Image-caption web data
::::::
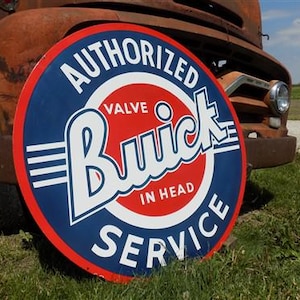 Buick Authorized Service Sign, 2 Sided Metal Porcelain Advertising Buick Sign, Buick Sign, Retro Service Gas Station Sign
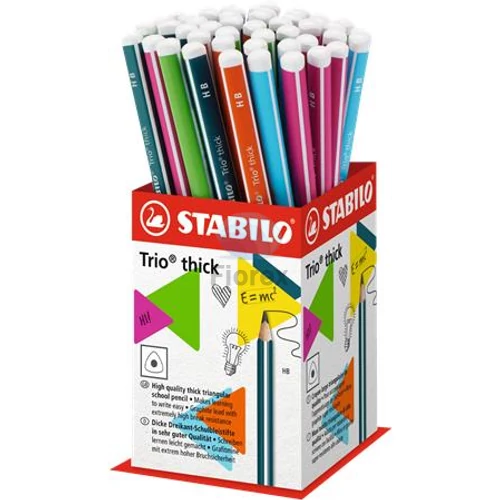Grafitceruza display, HB, háromszögletű, vastag, STABILO "Trio thick" - 48db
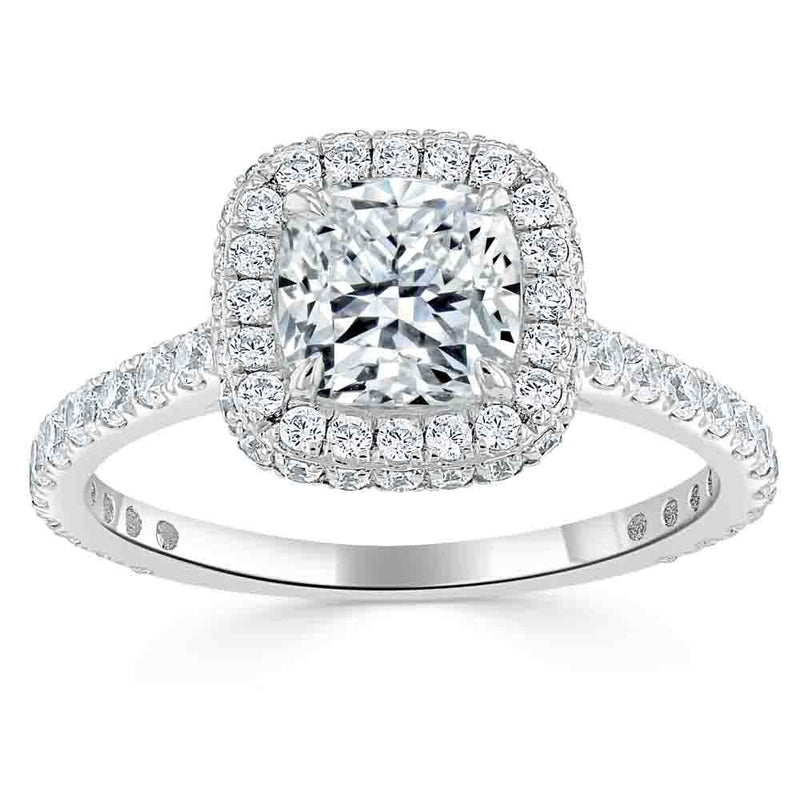 1.60ct  Cushion Cut Moissanite Halo Engagement Ring, Tiffany Style,  Available in White Gold, Platinum, Rose Gold or Yellow Gold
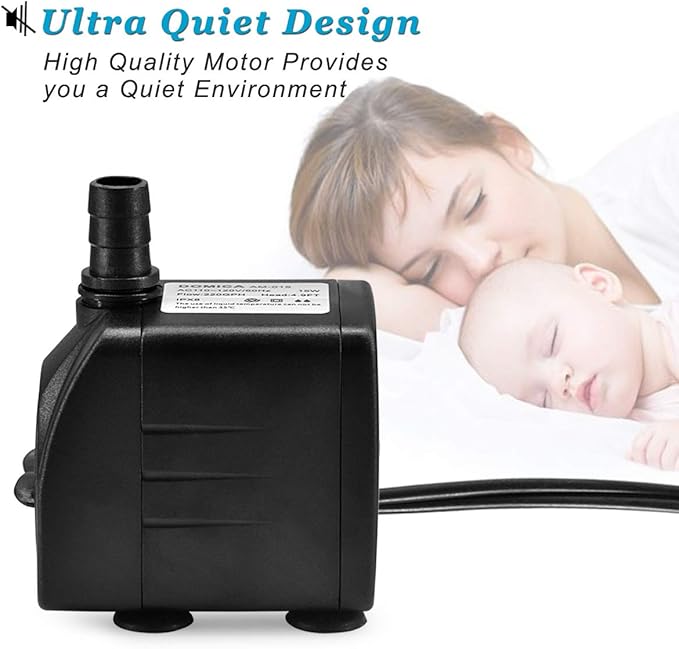 DOMICA 220GPH Ultra Quiet Fountain Pump (15W 800L/H), Small Submersible Pump for Pond, Water Feature, Aquariums, Hydroponics, Indoor or Outdoor Fountain - Bloomnest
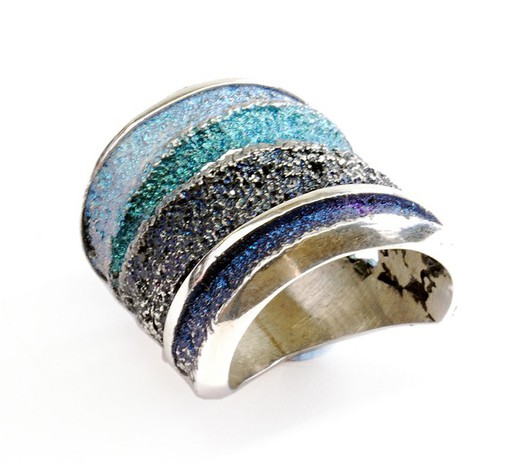 Anillo Arior Plata Fuego Azul 1182383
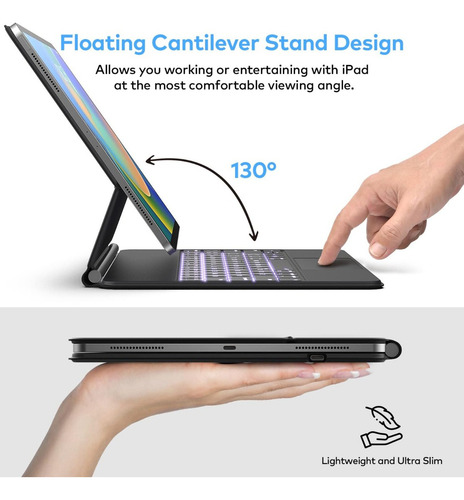 Teclado Magnético Touch Backlit Para iPad Pro 12.9 6gen M2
::::::
#### TASK:
The answer should consist only of the lines from the line with "DOMICA 220GPH Ultra" through the last line of the data, repeated exactly; pictures stay out.

#### TASK SOLUTION:
 DOMICA 220GPH Ultra Quiet Fountain Pump (15W 800L/H), Small Submersible Pump for Pond, Water Feature, Aquariums, Hydroponics, Indoor or Outdoor Fountain - Bloomnest
 Anillo Arior Plata Fuego Azul 1182383
 Teclado Magnético Touch Backlit Para iPad Pro 12.9 6gen M2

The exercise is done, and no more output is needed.